Referring now to FIG. 5, there is illustrated an enlarged side view of an alternate torsional stiffener that may be used, instead of stiffener 15, in any of the catheter assemblies described above, said alternate torsional stiffener being represented generally by reference numeral 115.

Stiffener 115 may comprise a coil spring comprising a plurality of closely spaced coils 117 terminating at a first end 119 and a second end 121. Stiffener 115 may be a unitary member and may be made of metal, polymers or other biocompatible materials including stainless steel or a shape memory material. Coils 117 may comprise a wire or thread at any useful cross-section including, but not limited to, round wire, flat wire and wires of various cross-sectional geometries, such as squares or “D”-shaped wire. Coils 117 may be spaced from one another at any suitable pitch.

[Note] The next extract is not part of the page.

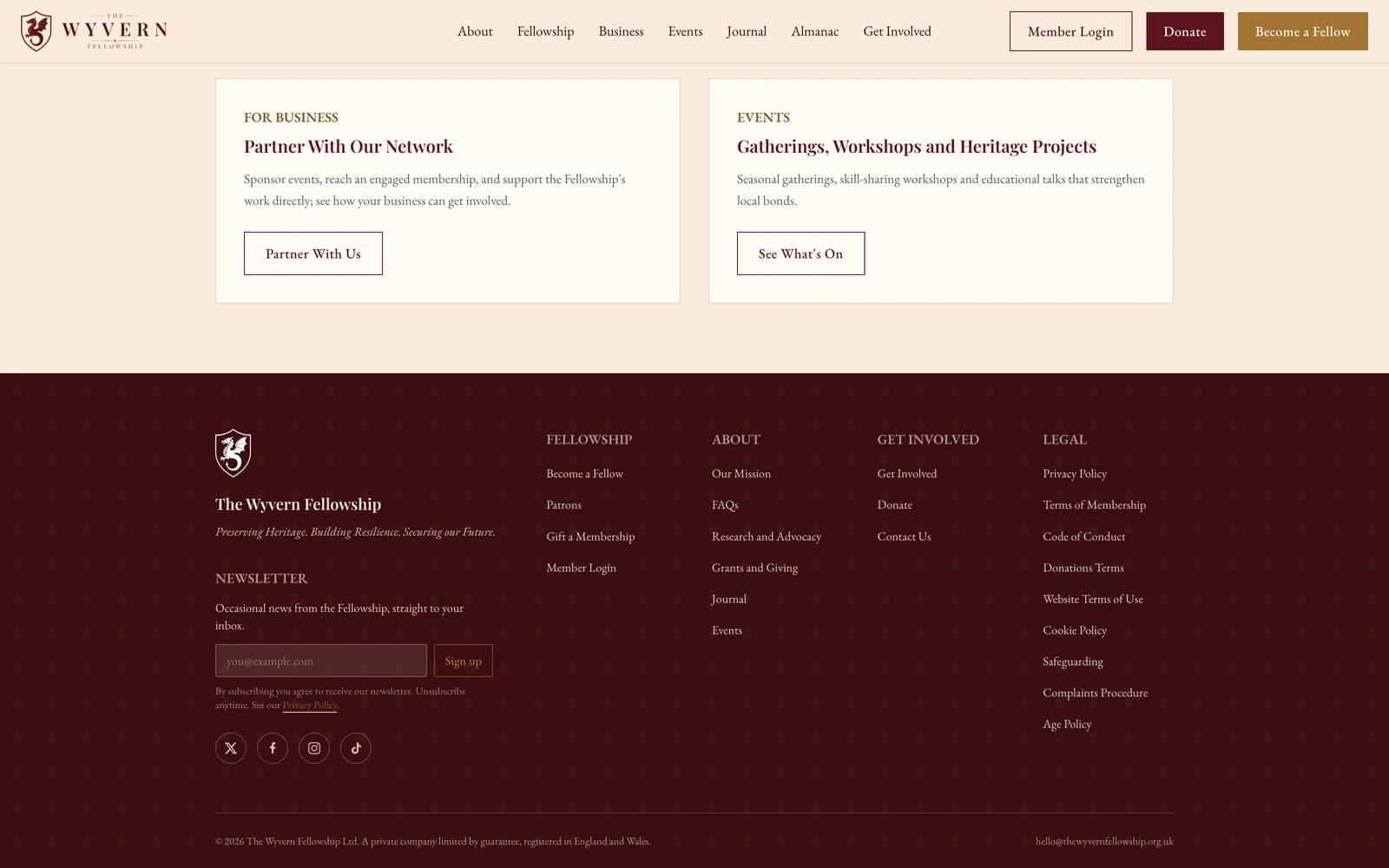 Bottom screenshot of TheWyvernFellowship.org.uk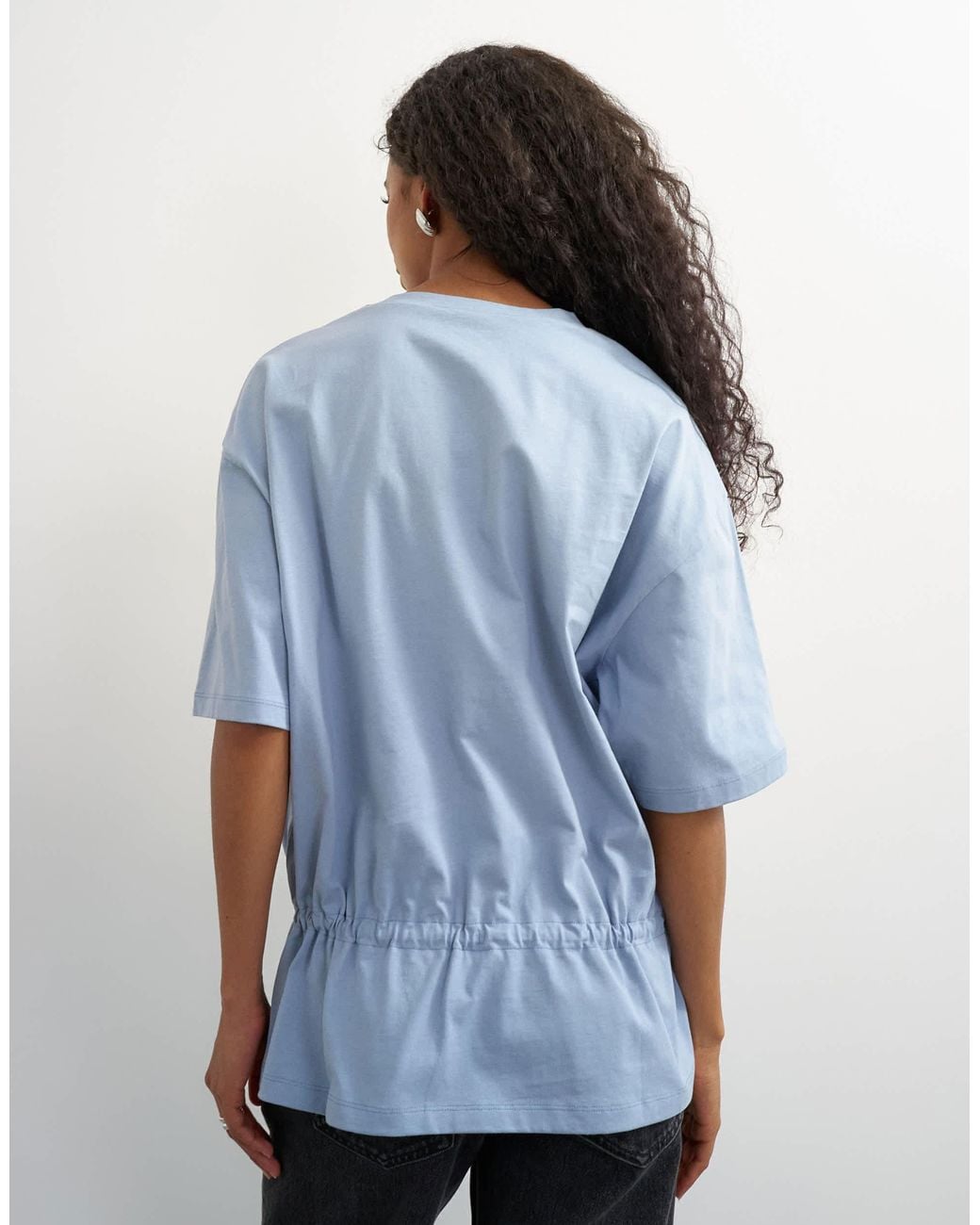 TOPSHOP Blue Tie Waist Tee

Like stiffener 15, stiffener 115 serves to provide torsional strength to an associated catheter. At the same time, stiffener 115, itself, is sufficiently flexible so as not to substantially diminish the flexibility of its associated catheter.

The embodiments of the present invention described above are intended to be merely exemplary and those skilled in the art shall be able to make numerous variations and modifications to it without departing from the spirit of the present invention. All such variations and modifications are intended to be within the scope of the present invention as defined in the appended claims.